As part of my role as Lifehack’s manager, I am responsible for moderating the comments queue. Lifehack’s back-end has a “Pending” queue for comments that our spam-catching software thinks might be spam, a “Spam” queue for comments labeled “spam” either by the software or by me, and another queue for comments that have been approved, again either by the software or by me. As a general rule, I check that “Pending” queue several times a day, the “Approved” queue every day or so, and the “Spam” queue every week or so.
I’ve been doing this for two years, and I’ve gotten pretty proficient at figuring out what is and is not spam – a tough call to make sometimes, since spammers get more and more sophisticated in lock-step with those of us charged with blocking them. I present my “formula” here for two reasons: one, to give less experienced bloggers and webmasters an idea of how to catch spam on their own site, and two, to give commenters an idea of the kind of thing to avoid so their comments don’t get accidentally thrown in the “Spam” bin.
I should say, a big part of catching spam is a “feel” – intuiting that some comment just doesn’t feel right. I’m not sure I can capture exactly what goes into that feel. Andy Warhol once said that to recognize a great painting, first you have to look at a thousand paintings, and catching spam is a bit like that – the experience of having looked at thousands of spam messages cannot be easily encapsulated. But I’ll try as well as I can.
What is spam?
What makes a message spam is relative and subjective. In a sense, spam is like a weed – a weed is not any particular kind of plant, but a plant that isn’t wanted where it’s at. (See, for example, Wikipidia’s definition of Weed as “a plant that is considered by the user of the term to be a nuisance.”) For instance, Corn is delicious, but if it’s growing in your soybean field, it’s a weed. A message that, say, pimps a word processor might be perfectly welcome on a post that asks for product recommendations for writers, while on a post that just happens to mention writing, the same message could be considered spam.
Some messages are clearly spam; for example, anything delivered by a spambot programmed to leave its message wherever it can find an open form to submit through. But a message can be left by a living person, custom-written for the particular content it’s posted to, and still be spam. This list starts with the most obvious signs and moves to more vague and difficult-to-interpret signs. My guess is that a lot of people run into the ones further down the list because they post without thinking very clearly, so pay attention.
A comment is spam if it:
- Contains links to websites that are unrelated to the content.
For example, a comment might say “I think your baby is really cute!” but the word “baby” links to a site selling baby clothes or even a Forex trading site or other scam.
- Is posted on more than one post.
This is obvious, right? Real people don’t post the same comment over and over on different posts, no matter how relevant. most likely it’s a spambot responding to multiple posts on your blog that contain similar keywords.
- Contains more than one link.
While there are a few situations in which a legitimate comment could contain several links, they’re fairly rare. As a general rule, the likelihood of a comment being spam increases directly with the number of links; anything over three and it’s virtually guaranteed to be spam.

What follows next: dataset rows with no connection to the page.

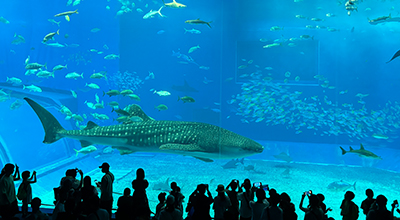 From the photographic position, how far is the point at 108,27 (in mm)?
15492

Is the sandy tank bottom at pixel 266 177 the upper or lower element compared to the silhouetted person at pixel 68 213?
lower

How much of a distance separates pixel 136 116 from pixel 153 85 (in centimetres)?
1048

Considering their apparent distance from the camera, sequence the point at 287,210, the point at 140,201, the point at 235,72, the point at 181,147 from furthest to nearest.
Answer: the point at 235,72
the point at 181,147
the point at 140,201
the point at 287,210

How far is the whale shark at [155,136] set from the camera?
432cm

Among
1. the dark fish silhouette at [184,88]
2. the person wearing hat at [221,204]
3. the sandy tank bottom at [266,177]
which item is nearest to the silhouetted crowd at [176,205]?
the person wearing hat at [221,204]

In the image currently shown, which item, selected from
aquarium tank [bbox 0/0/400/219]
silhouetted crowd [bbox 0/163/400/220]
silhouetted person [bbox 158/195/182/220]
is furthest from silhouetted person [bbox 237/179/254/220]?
aquarium tank [bbox 0/0/400/219]

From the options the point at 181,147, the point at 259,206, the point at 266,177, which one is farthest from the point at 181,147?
the point at 266,177

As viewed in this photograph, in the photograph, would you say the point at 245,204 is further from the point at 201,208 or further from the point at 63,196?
the point at 63,196

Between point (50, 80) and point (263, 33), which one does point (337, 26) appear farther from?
point (50, 80)

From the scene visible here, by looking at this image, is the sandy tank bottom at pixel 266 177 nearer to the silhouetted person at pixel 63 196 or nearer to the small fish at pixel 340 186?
the small fish at pixel 340 186

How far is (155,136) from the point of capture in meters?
4.51

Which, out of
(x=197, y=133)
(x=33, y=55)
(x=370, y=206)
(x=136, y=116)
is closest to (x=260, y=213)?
(x=370, y=206)

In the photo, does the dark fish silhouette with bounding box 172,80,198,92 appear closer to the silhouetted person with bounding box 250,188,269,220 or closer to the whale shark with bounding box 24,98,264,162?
the whale shark with bounding box 24,98,264,162

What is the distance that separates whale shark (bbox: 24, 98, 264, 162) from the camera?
4.32 m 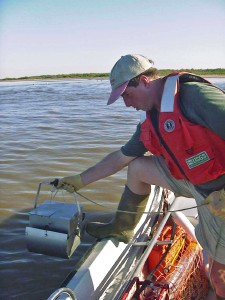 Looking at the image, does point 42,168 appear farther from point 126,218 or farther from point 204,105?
point 204,105

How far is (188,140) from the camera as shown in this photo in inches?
92.0

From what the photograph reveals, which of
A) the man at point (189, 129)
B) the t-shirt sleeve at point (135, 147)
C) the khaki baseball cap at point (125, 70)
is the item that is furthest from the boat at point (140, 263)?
the khaki baseball cap at point (125, 70)

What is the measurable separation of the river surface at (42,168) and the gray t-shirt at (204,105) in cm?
192

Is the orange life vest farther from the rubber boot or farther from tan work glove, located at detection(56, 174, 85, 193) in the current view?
tan work glove, located at detection(56, 174, 85, 193)

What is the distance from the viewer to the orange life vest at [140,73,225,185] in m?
2.31

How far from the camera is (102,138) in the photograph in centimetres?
848

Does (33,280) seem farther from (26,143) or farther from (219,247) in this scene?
(26,143)

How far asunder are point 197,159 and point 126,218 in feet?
3.38

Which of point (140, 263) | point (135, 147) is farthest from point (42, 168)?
point (140, 263)

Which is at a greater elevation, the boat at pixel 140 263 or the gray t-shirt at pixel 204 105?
the gray t-shirt at pixel 204 105

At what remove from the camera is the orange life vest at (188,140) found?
7.59 feet

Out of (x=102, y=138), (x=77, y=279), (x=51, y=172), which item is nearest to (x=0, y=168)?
(x=51, y=172)

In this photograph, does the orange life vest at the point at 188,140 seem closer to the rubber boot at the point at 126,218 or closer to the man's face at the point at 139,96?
the man's face at the point at 139,96

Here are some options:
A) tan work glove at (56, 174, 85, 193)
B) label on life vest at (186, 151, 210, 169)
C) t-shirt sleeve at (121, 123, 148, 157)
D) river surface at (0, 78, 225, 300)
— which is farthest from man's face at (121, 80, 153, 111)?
river surface at (0, 78, 225, 300) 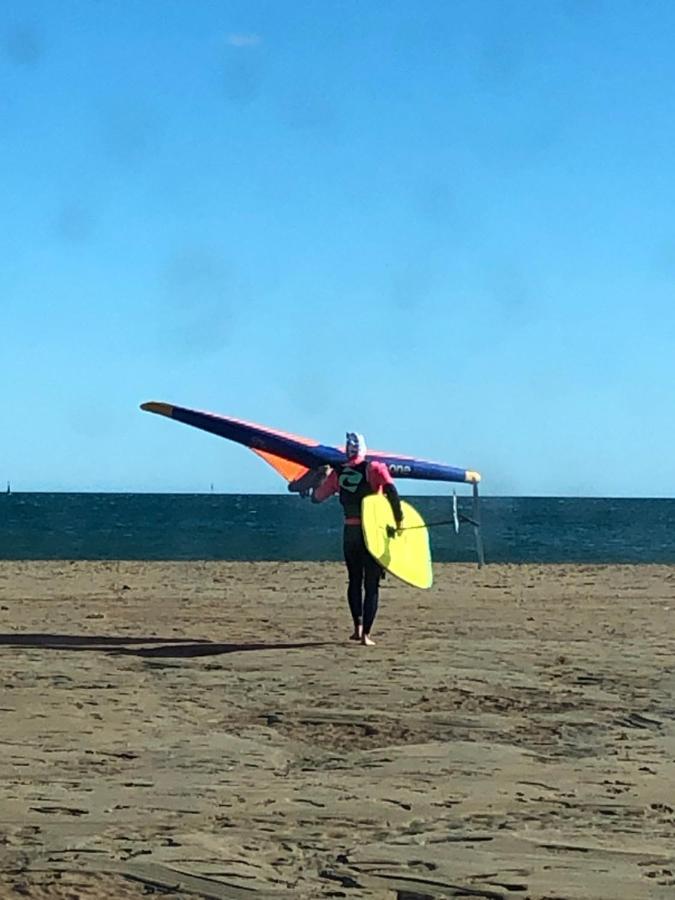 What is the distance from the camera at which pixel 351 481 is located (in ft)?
37.9

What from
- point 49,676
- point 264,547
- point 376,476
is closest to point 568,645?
point 376,476

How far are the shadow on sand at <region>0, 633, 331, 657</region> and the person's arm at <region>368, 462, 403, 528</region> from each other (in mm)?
1155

- Is not directly related to the post.
A lot of spambots (or even live spammers) crawl the web looking for posts with certain keywords and then insert a generic message loosely related to the topic on the hopes that it will slip past any human reader who is likely to just skim through their comments. Unless a comment addresses something specific about your post, it’s likely to be spam.

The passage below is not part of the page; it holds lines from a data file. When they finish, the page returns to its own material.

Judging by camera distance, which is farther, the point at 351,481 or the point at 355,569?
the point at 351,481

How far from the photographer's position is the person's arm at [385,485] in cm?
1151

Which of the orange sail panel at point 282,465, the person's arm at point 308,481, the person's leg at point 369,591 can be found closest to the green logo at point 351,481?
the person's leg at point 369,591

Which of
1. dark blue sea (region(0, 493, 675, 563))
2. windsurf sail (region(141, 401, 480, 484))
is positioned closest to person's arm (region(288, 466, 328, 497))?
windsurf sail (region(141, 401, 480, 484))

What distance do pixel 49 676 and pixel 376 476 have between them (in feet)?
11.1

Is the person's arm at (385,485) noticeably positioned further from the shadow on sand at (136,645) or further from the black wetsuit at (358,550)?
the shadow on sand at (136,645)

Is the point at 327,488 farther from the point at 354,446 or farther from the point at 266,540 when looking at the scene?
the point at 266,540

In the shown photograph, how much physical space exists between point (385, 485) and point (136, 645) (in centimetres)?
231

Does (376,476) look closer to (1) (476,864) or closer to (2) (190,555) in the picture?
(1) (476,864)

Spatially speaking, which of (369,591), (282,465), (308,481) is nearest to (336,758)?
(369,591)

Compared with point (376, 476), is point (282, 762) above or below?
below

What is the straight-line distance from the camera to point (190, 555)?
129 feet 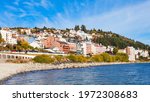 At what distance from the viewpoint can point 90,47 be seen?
28.7 feet

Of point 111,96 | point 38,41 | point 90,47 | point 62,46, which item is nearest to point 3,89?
point 111,96

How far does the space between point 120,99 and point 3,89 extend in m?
1.14

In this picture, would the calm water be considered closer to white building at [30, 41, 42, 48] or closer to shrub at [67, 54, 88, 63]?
white building at [30, 41, 42, 48]

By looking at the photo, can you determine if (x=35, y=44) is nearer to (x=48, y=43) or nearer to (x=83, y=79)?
(x=48, y=43)

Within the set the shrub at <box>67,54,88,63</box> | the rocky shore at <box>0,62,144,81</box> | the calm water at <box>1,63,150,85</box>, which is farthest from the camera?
the shrub at <box>67,54,88,63</box>

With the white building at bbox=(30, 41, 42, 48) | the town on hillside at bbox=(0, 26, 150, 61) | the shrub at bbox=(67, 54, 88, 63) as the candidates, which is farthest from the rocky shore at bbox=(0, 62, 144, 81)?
the shrub at bbox=(67, 54, 88, 63)

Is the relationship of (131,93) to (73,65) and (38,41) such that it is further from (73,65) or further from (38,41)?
(73,65)

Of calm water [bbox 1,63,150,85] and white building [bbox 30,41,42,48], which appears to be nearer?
calm water [bbox 1,63,150,85]

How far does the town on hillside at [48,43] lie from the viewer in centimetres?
762

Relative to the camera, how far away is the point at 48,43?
8102mm

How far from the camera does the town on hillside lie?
7617 mm

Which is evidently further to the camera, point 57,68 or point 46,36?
point 57,68

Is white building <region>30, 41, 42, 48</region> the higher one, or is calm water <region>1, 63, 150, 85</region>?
white building <region>30, 41, 42, 48</region>

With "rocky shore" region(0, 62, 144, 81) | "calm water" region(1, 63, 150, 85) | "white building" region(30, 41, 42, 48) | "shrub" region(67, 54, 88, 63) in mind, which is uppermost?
"white building" region(30, 41, 42, 48) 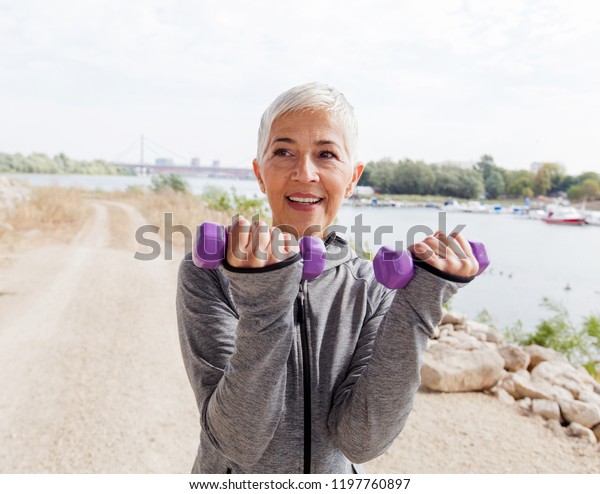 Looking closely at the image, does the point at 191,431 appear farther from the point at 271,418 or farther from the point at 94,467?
the point at 271,418

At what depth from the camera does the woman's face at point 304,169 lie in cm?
78

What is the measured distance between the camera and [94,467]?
2.41 metres

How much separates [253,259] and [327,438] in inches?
14.7

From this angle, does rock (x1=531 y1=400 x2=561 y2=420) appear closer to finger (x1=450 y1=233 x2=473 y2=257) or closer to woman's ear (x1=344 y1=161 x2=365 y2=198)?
woman's ear (x1=344 y1=161 x2=365 y2=198)

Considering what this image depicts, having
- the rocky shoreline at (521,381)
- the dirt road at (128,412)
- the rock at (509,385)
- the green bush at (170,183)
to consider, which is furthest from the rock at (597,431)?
the green bush at (170,183)

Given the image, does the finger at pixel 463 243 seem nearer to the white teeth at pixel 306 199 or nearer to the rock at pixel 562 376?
the white teeth at pixel 306 199

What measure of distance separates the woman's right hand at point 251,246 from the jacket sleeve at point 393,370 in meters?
0.16

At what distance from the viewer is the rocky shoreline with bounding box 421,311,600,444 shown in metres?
2.67

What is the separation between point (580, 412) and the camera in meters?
2.66

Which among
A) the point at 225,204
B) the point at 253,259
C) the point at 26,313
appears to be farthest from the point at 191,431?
the point at 225,204

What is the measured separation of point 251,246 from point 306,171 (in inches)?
9.5

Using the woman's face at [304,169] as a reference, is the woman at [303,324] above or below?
below

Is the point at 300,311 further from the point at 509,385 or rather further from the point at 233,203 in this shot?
the point at 233,203

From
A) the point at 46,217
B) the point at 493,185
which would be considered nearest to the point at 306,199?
the point at 493,185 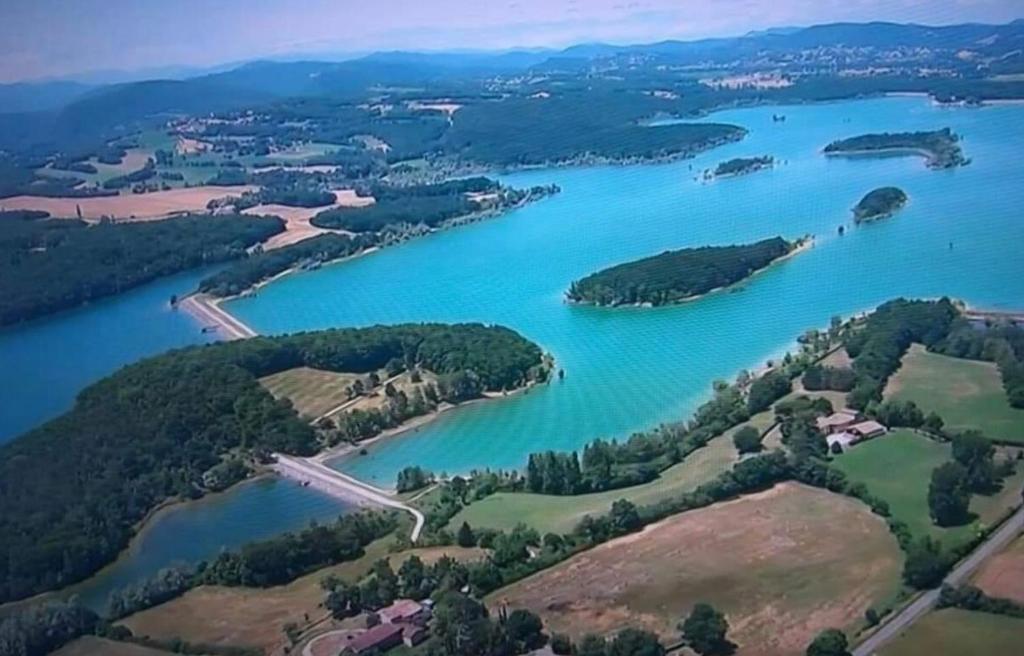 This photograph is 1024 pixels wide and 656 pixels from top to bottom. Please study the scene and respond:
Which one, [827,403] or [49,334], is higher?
[49,334]

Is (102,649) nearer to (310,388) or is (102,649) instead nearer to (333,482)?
(333,482)

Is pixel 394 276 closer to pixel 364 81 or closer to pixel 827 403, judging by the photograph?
pixel 827 403

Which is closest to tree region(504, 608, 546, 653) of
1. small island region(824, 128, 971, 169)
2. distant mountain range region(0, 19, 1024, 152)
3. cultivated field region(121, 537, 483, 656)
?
cultivated field region(121, 537, 483, 656)

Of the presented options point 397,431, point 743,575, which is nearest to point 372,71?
point 397,431

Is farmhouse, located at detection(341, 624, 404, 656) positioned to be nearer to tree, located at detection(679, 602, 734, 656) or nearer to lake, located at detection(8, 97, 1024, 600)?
tree, located at detection(679, 602, 734, 656)

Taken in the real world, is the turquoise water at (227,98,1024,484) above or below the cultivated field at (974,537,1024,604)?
below

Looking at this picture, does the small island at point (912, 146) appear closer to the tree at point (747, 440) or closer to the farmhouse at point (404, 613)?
the tree at point (747, 440)

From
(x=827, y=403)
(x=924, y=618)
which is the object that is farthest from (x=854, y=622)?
(x=827, y=403)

- Is overly complimentary.
Most spammers are fairly astute observers of basic human psychology – particularly our desire to believe good things about ourselves. So they butter us up, saying things like “Great post! In fact, I love this whole site – I’m definitely going to come back again and again!”.
- Has keywords or a business name in the “Name” field.
A basic search engine optimization strategy is to get your website’s address associated with specific keywords, and search engines look closely at the text associated with a link to determine the usefulness of the website linked to. Real people aren’t trying to game search engines, and frankly, we want to be recognized for our contribution, so we use our actual name, or a username. If you can’t imagine replying to a person by the name in their “Name” field, you’re dealing with a spammer. (For example, here’s one taken from our spam queue: “Having a good vocabulary not only gives a framework for thought. It also allows you to be concise and precise to make communication better.” This is relevant to the post, and thoughtful, but it was left by an entity named “dining room table”. It’s spam.)
- Links to a spammy business.
This is a tough call – sometimes I’ll see a thoughtful comment clearly written in direct response to the post it’s commenting on, under a real person’s name, and still mark it as spam because they link to a site whose legitimacy is questionable. Could be porn, WOW gold scams, Forex scams, get rich quick schemes, blogs with stolen content, or anything else that feels to me like someone left a comment more to get their link out than to add to the discussion.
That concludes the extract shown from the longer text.